Task to carry out
For the records that follow, restate each one word for word and leave the images behind.

◆ ◆ ◆ ◆ ◆ ◆ ◆

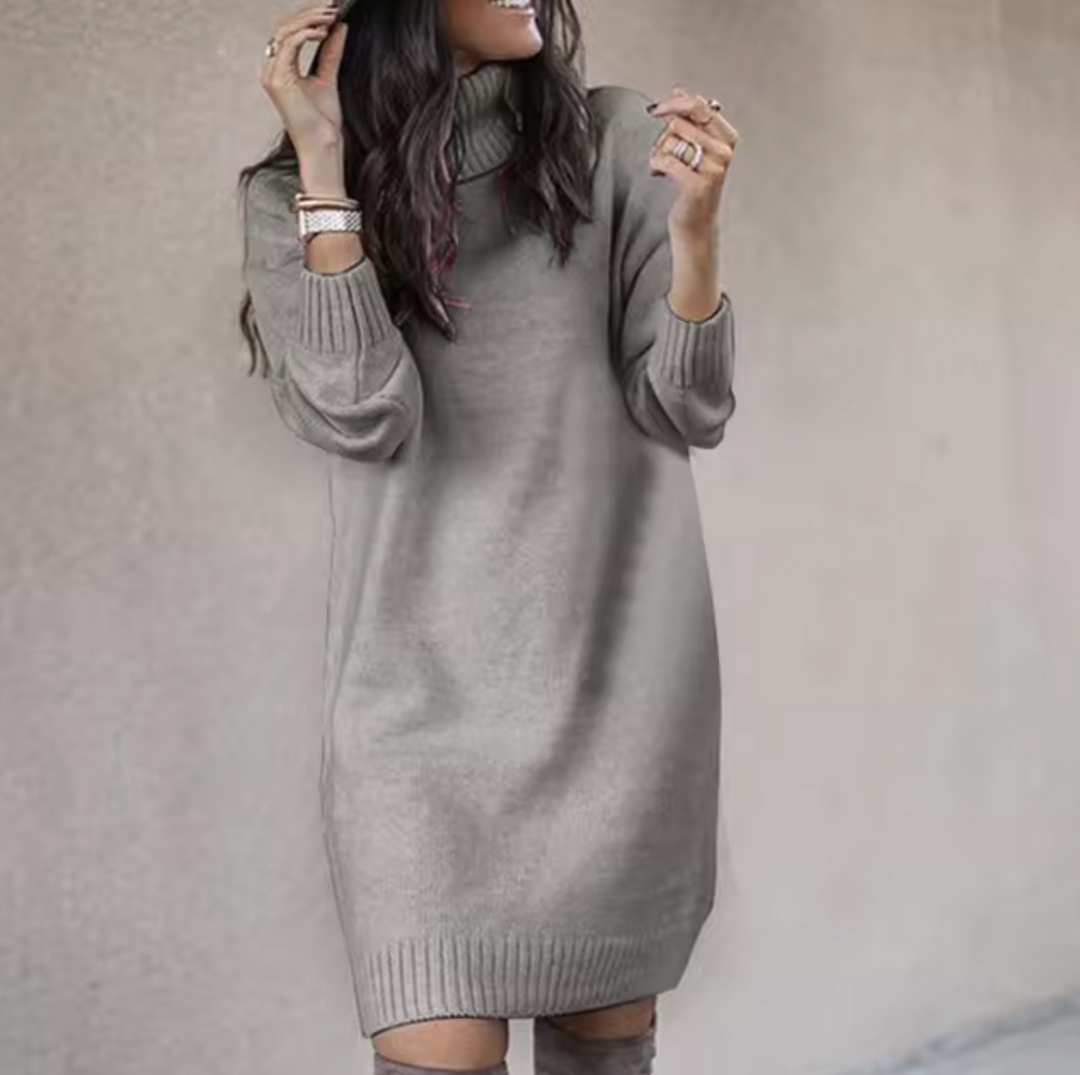 Ingrid gray turtleneck long sleeve sweater dress, front view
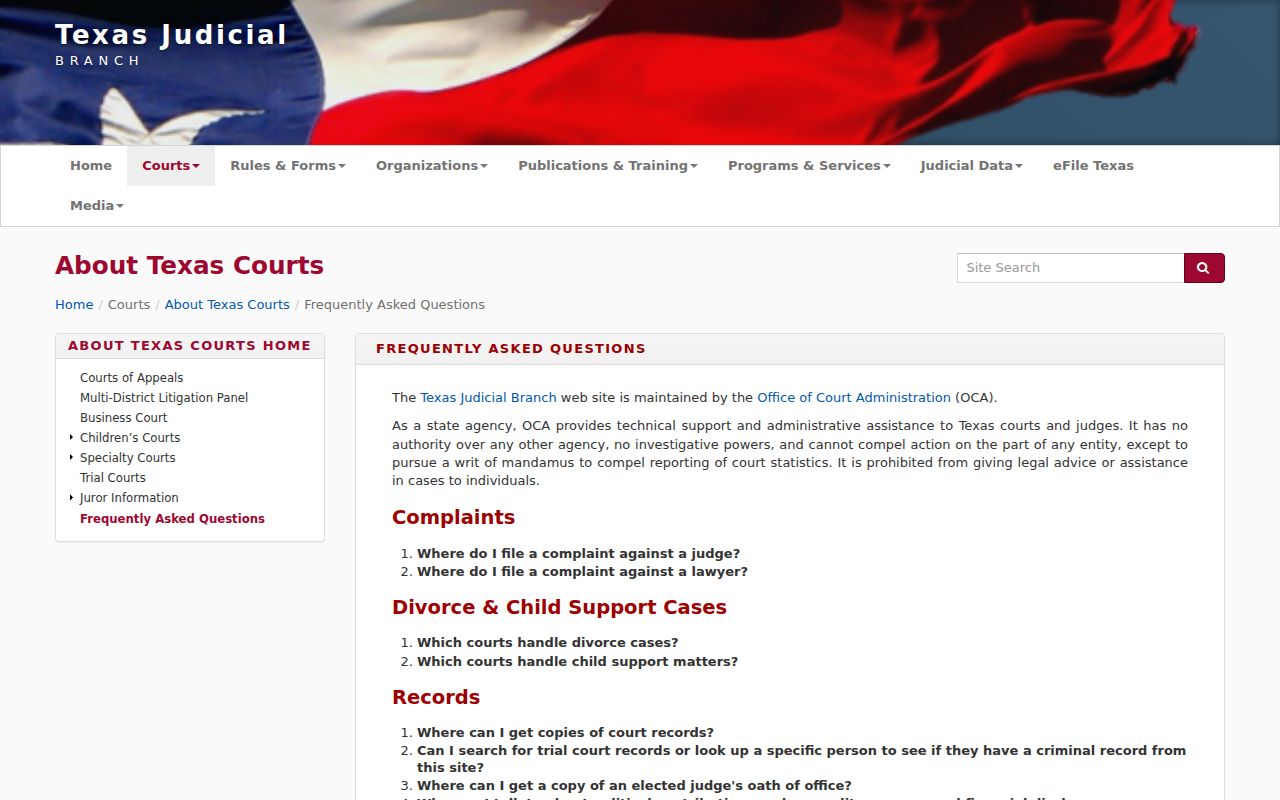 Texas Judicial Branch FAQ explaining that there is no single public trial-court case search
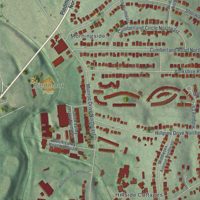Second close-up of the map of Morningside-Lenox Park, Georgia print showing more streets and buildings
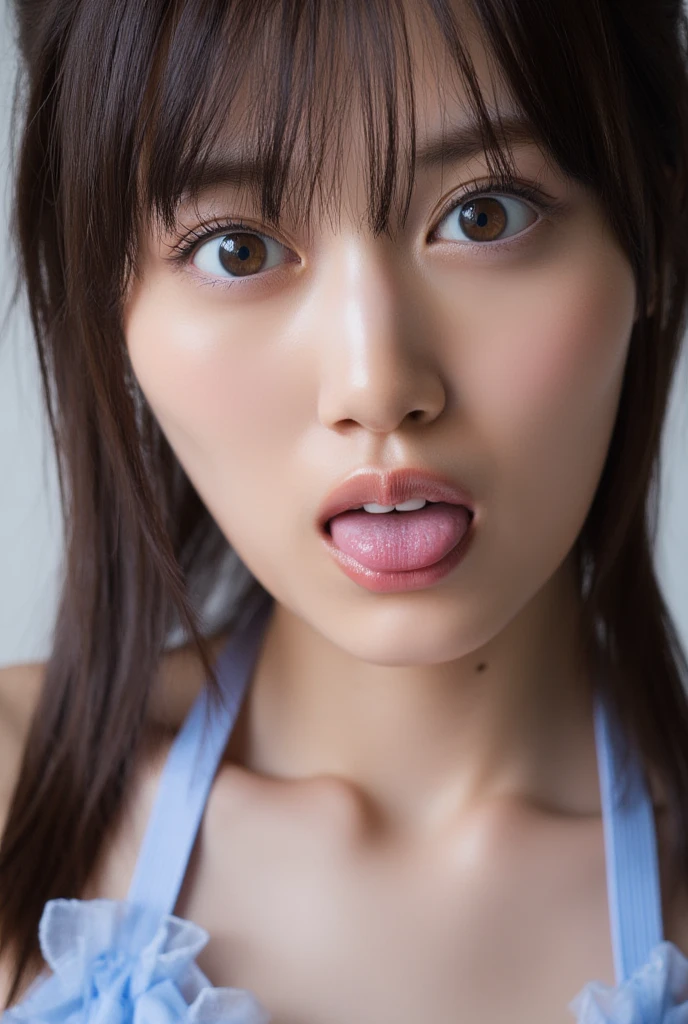 NSFW, ((sunset, Realistic, Best quality, 8K, Masterpiece: 1.3)), Clear focus, face close up: 1.2, 1girl, Perfect Body Beauty, ((black Hair, Big Breasts)), (Open Mouth and Tongue Sticking Out: 1.8), (naked), (floor, laying down), Super Fine Face, Fine Eyes, Double Eyelids,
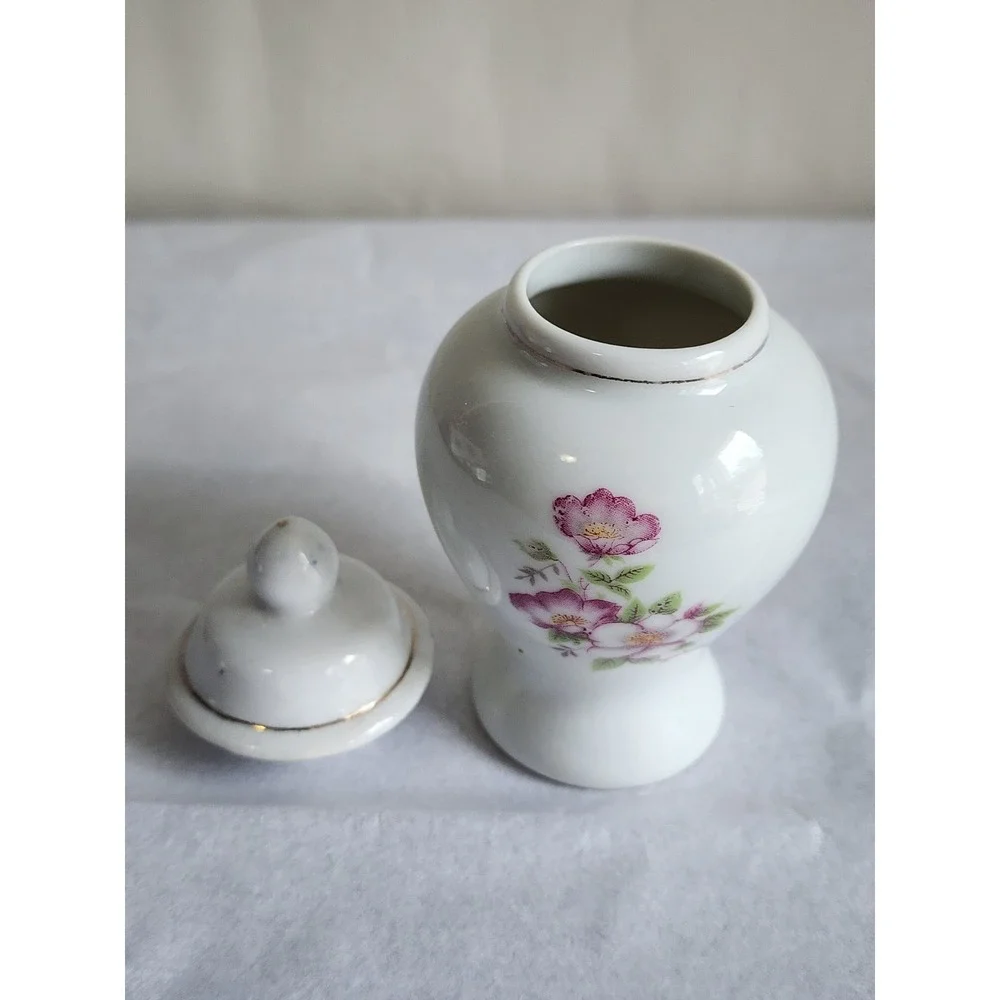 Vintage Miniature Porcelain Ginger Jar Pink Floral Gold Gilt Lidded Urn 4.75in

◆ ◆ ◆ ◆ ◆ ◆ ◆

Result for this exercise
 Ingrid gray turtleneck long sleeve sweater dress, front view
 Texas Judicial Branch FAQ explaining that there is no single public trial-court case search
Second close-up of the map of Morningside-Lenox Park, Georgia print showing more streets and buildings
 NSFW, ((sunset, Realistic, Best quality, 8K, Masterpiece: 1.3)), Clear focus, face close up: 1.2, 1girl, Perfect Body Beauty, ((black Hair, Big Breasts)), (Open Mouth and Tongue Sticking Out: 1.8), (naked), (floor, laying down), Super Fine Face, Fine Eyes, Double Eyelids,
 Vintage Miniature Porcelain Ginger Jar Pink Floral Gold Gilt Lidded Urn 4.75in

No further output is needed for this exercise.